The utilities do the same thing. The cost of the plant works the same way, but 30-50 years might be a typical lifetime. The plant might add $0.02-$0.06 per kWh. Then they add cost of fuel, plus cost of labor, and there you have it... $0.17/kWh here in CT.
On to the decision of how much solar to buy.
The approach taken depends on a single issue. The cost of utility commodity electricity and the cost of your local electricity. And the choices made depend on which costs more.
Typical PV: Which is when the cost of grid power is much less than the cost of local power, i.e Util << PV When this is the case, the decision to buy should seek the *smallest* system that transfers the bite out of the utility bill and shifts it to the bank, credit union, or family loan... In other words, don't seek a solution that requires any more $$$ than you currently pay. The economic wiggle room on this is the expected inflation you expect on the price of utilities or a planned increase in demand. The reason is that by buying a large PV you are effectively buying your future electricity in one big chunk. That ties up cash in an illiquid manner, and earns no interest. It is protected from inflation though... That can help drive some folks to this decision.
Incentivized PV: Util < PV. All the same rules apply to Util << PV, however the buyer should seek the largest possible incentive that's payable from the granter. Why leave $$$ on the table.
Utility = PV: This is the rare case... like owning lots of stock in Con-Edison... (sorry)
Finally, The possibility now exists to buy systems that produce local electricity for less than the cost of utility power. Util > PV
And when this happy situation is discovered the only practical conclusion is to buy as much as you can... right? Well sort of...

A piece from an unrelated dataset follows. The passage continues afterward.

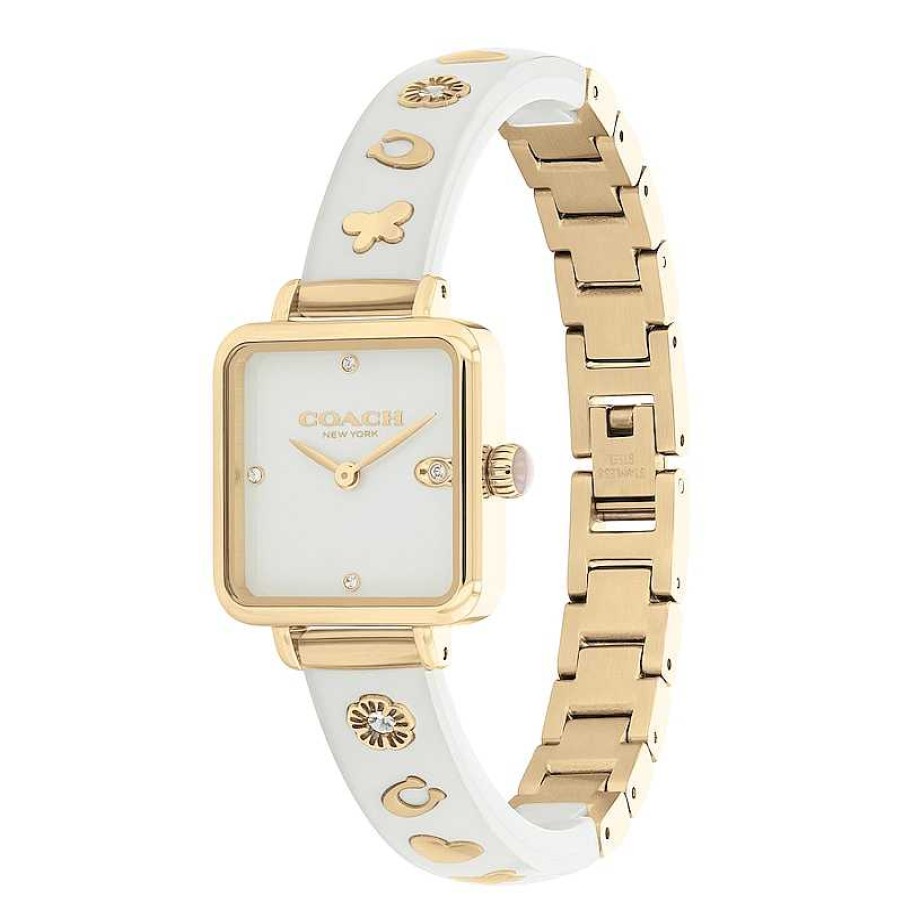 Coach Ladies' Coach Cass Crystal Accent Gold-Tone Ip White Resin Bangle Watch With Square White Dial (Model: 14504308) Watches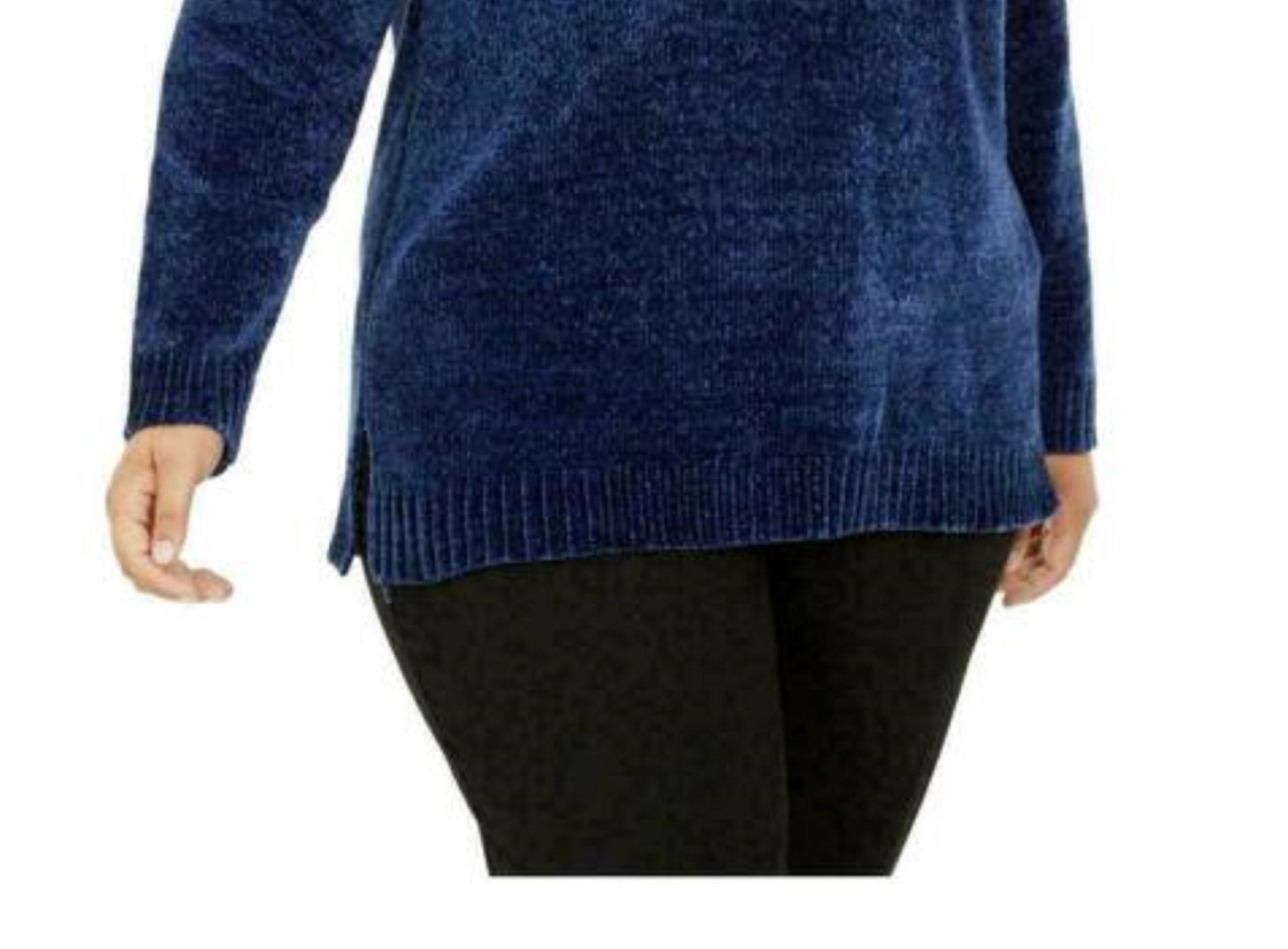 Karen Scott Suéter Feminino Gola V Chenille Azul Escuro Tamanho Extra Grande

Unfortunately there will be some limits placed on what you can do. Utilities won't buy more than you can deliver, and the first bottleneck will be your electric service. Older homes with 60 amp service might see 7200 Watts as the limit. The next bottleneck could catch you and your neighbors. My home is fed by a 25kW transformer, that I share with 2 other homes and a streetlight. Any three of us cannot exceed the 25kW limit, and it's first come, first served.
That's it for now... Questions please.